Manifolds
So far, we've been talking about topologies in the most general sense: point-set topology. As we've seen, there are a lot of really fascinating things that you can do using just the bare structure of topologies as families of open sets.
But most of the things that are commonly associated with topology aren't just abstract point-sets: they're *shapes* and *surfaces* - in topological terms, they're things called *manifolds*.
Informally, a manifold is a set of points forming a surface that *appears to be* euclidean if you look at small sections. Manifolds include euclidean surfaces - like the standard topology on a plane; but they also include many non-euclidean surfaces, like the surface of a sphere or a torus.
The formal definition is very much like the informal, with a few additions. But before we get there, I'll refresh your memories about some concepts that we'll need.
* A set **S** is *countable* if/f there is a total, onto, one-to-one function *f : **S** → **Z**;*, (where **Z** is the set of natural numbers), mapping each element of **S** onto exactly one natural number.
* Given a topological space (**T**, τ), a *basis* β for τ is a collection of open sets from which any open set in τ can be generated by a finite sequence of unions and intersections of sets in β.
* A topological space (**T**, τ) is called a *Hausdorff* space if/f if for any two distinct points in T, each point is a member of *at least* one neighborhood that the other is not.
A topological space (**T**,τ) is an *n*-manifold if/f:
1. τ has a *countable* basis.
2. (**T**,τ) is a Hausdorff space.
3. Every point in **T** has a neighborhood homeomorphic to an open euclidean *n*-ball.
Basically, what this really means is pretty much what I said in the informal definition. In a euclidean *n*-space, every point has a neighborhood which is shaped like an *n*-ball, and can be *separated* from any other point using an *n*-ball shaped neighborhood of the appropriate size. In a manifold, the neighborhoods around a point *look like* the euclidean neighborhoods.
If you think of a large enough torus, you can easily imagine that the smaller open 2-balls (disks) around a particular point will look very much like flat disks.
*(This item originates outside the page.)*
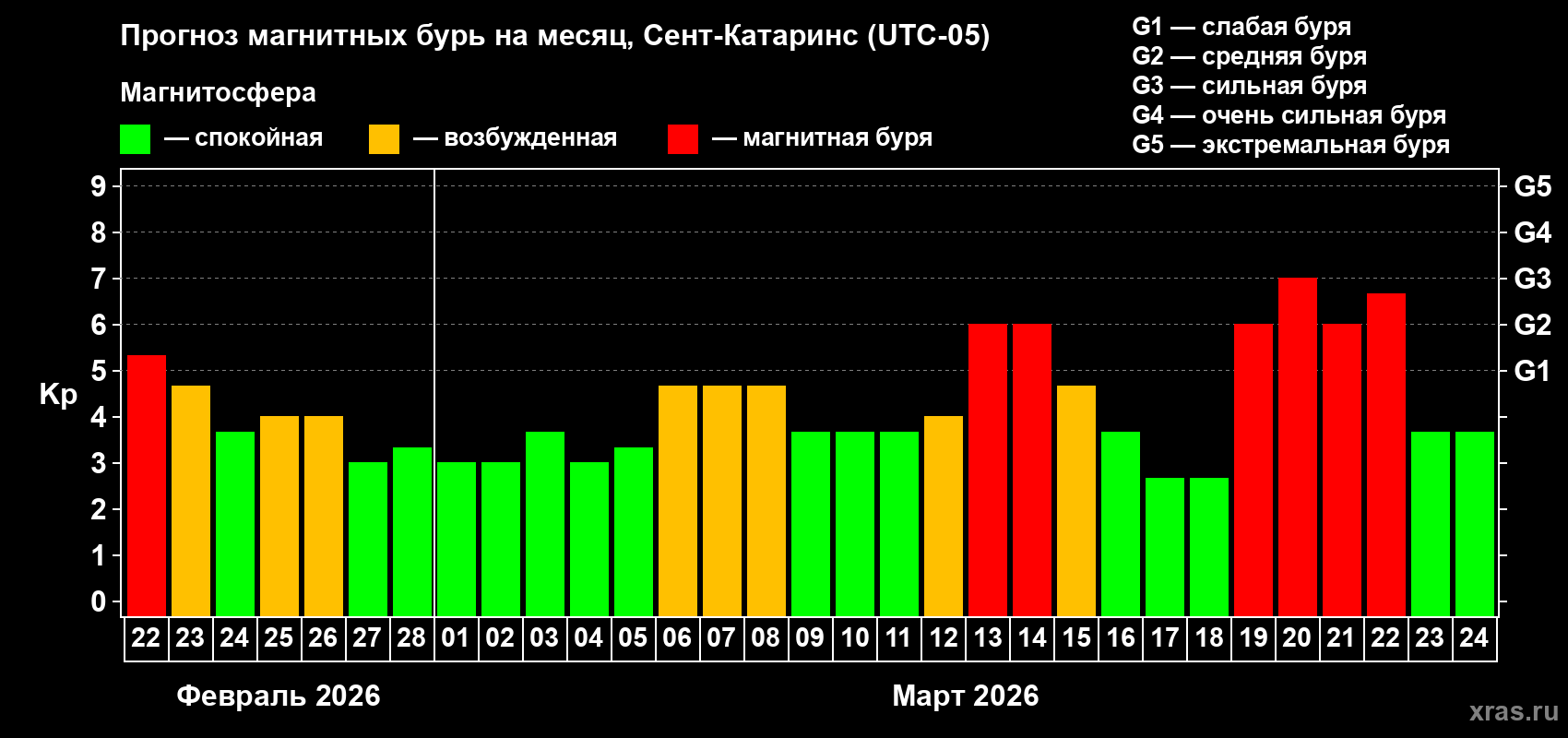 Прогноз максимального суточного геомагнитного индекса&nbsp;Kp на <b>1 месяц</b> (31 день) <b>с 22 февраля по 24 марта 2026 г</b>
In fact, as the torus gets larger, they'll become virtually indistinguishable from flat euclidean disks. But as you move away from the individual point, and look at the properties of the entire surface, you see that the euclidean properties fail.
Another interesting way of thinking about manifolds is in terms of *charts*, and charts will end up being important later. A *chart* for an manifold is an invertable map from some euclidean manifold to *part of* the manifold which preserves the topological structure. If a manifold isn't euclidean, then there isn't a single chart for the entire manifold. But we can find a *set* of *overlapping* charts so that every point in the manifold is part of *at least* one chart, and the edges of all of the charts overlap. A set of overlapping charts like that is called an *atlas* for the manifold, and we will sometimes say that the atlas *defines* the manifold. For any given manifold, there are many different atlases that can define it. The union of all possible atlases for a manifold, which is the set of *all* charts that can be mapped onto parts of the manifold is called the *maximal* atlas for the manifold. The maximal atlas for a manifold is, obviously, unique.
For some manifolds, we can define an atlas consisting of charts *with coordinate systems*. If we can do that, then we have something wonderful: a topology on which we can do angles, distances, and most importantly, *calculus*.
Topologists draw a lot of distinctions between different kinds of manifolds; a few interesting examples are:
* A *Lie group* is a manifold with a valid closed *product* operator between points in the manifold.
* A *Reimann* manifold is a manifold on which you can meaningfully defined angles and distance.
* A *differentiable* manifold is one on which you can do calculus.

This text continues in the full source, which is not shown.